Sunday, 7 February 2016

Questions are a good place to start



I’ve spent my day wading through three sets of books: wonderful, glorious, messy and brilliant exercise books. Against this backdrop, I’ve also distracted myself by engaging in fervent online chats spanning everything from how to get Tesco to pay for your highlighters, Derrida and deconstruction theory, and how to tackle Paper 2 of the new AQA GCSE English Language spec.

One of these casual exchanges sparked a blog post and, now I’ve finally popped away my purple pen (and once more donned my usual elephantine HoF hide), I’ve got about ten minutes to respond before my bath is full and I go and finish another chapter of ‘Batavia’ before bed.

So, here's my attempt to explain exactly what I *did* mean when I asserted:
 
1) “Asking questions is the starting point for all learning.”
2)  “If only experts asked questions teachers may as well give up now”

Which means it’s time for some Emily Bronte.

“Fall, leaves, fall; die, flowers, away;
Lengthen night and shorten day;
Every leaf speaks bliss to me
Fluttering from the autumn tree”

“The writer uses nature to communicate ideas of sadness. It says, “Fall, leaves, fall”. This suggests the poet as [sic] described someone who is having a bad time, and he [sic] just wants all his problems to drop and go away, just like when leaves drop of [sic] a tree. We want them to blow away so we can carry on moving forward.”  -  Student response to an unseen poem

The student who wrote this response, for a variety of reasons, doesn’t have much content knowledge that may have helped her to unpick meanings, the writer’s use of language etc. The nature of the unseen response also doesn’t allow this understanding to be scaffolded by the teacher in a format that can be learnt and retained.

And yet she’s understood that there is a meaning here beyond the literal, unlocking ideas about tone and imagery. So, how did she do it? She asked questions. She sought meaning through her own enquiry.

She isn’t an expert and yet she isn’t ignorant. Her own questions unlocked understanding and signalled the knowledge to be gained.

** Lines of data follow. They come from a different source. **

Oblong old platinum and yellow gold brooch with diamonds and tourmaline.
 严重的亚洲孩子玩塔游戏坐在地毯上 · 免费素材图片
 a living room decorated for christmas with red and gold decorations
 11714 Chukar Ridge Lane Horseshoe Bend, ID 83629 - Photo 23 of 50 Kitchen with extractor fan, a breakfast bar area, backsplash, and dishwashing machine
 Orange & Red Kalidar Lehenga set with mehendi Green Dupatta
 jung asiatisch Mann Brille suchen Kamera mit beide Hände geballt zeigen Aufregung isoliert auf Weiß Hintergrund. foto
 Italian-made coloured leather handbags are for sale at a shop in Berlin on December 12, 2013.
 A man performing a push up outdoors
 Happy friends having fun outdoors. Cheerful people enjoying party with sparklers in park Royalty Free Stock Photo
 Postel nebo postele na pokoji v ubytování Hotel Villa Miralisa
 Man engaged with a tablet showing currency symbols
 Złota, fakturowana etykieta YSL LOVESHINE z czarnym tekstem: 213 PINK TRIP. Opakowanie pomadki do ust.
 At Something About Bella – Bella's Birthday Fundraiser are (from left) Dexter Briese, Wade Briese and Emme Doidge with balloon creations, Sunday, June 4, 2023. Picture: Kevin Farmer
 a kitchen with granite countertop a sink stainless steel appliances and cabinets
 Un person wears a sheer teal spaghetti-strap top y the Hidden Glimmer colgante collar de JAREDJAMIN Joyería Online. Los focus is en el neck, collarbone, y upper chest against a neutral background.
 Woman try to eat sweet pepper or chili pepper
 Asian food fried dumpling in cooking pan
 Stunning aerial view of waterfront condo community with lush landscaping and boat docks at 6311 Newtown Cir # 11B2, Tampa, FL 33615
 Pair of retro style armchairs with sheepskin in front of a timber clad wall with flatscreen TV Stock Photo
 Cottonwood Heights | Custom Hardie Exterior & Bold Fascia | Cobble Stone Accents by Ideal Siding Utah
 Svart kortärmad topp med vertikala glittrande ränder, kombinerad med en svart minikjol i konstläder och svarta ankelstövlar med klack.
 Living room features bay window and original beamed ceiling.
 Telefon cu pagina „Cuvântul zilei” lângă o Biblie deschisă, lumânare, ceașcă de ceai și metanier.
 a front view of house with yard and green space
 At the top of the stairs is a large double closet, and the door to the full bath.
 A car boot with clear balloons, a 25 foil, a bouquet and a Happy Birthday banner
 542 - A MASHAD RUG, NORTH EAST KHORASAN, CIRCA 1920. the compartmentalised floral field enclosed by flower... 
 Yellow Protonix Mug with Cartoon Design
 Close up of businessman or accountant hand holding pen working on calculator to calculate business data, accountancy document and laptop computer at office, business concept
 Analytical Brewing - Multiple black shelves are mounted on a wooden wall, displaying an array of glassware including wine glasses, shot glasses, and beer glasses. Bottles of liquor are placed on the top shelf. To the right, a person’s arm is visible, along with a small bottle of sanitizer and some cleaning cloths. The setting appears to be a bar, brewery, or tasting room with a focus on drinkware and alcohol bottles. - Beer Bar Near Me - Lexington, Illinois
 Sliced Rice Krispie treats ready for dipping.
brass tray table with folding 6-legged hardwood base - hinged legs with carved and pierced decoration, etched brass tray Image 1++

Which isn’t the same as saying that all questions are created equal; I absolutely agree that the more you know the more interesting your questions are likely to be. If this student knew something about Bronte’s life, perhaps, or had the subject terminology to unpick how meanings were created she clearly could’ve created a more nuanced response.

So, OK, I may have fallen into the hyperbolic trap of the tweet when I said questions are the starting point for ‘all’ learning. I’m sure there are many contexts when a secure base of knowledge is absolutely necessary for learning - if not most - and that my example of the unseen poem could be seen as somewhat ‘niche’. And, yes, I apologise to David for the needless prefix of “Rubbish” before statement 2. But, it is surely the most human of endeavours to ask. To seek. To pursue knowledge throughly asking. 

If we only allow those with a secure knowledge base to ask we are surely cutting off the source of inspiration and excitement that makes this job so wonderful and exciting. So, well, fun.

And that’s what I meant by my two assertions.
Let’s encourage our students so they have the confidence to ask. Let’s start by inspiring our students so they want to ask.

Content knowledge can provide answers, but at its end point we just find more questions. Let’s ensure when we get there that our students are able to create those questions for themselves and aren’t simply holding out their spoons waiting for non-existent answers.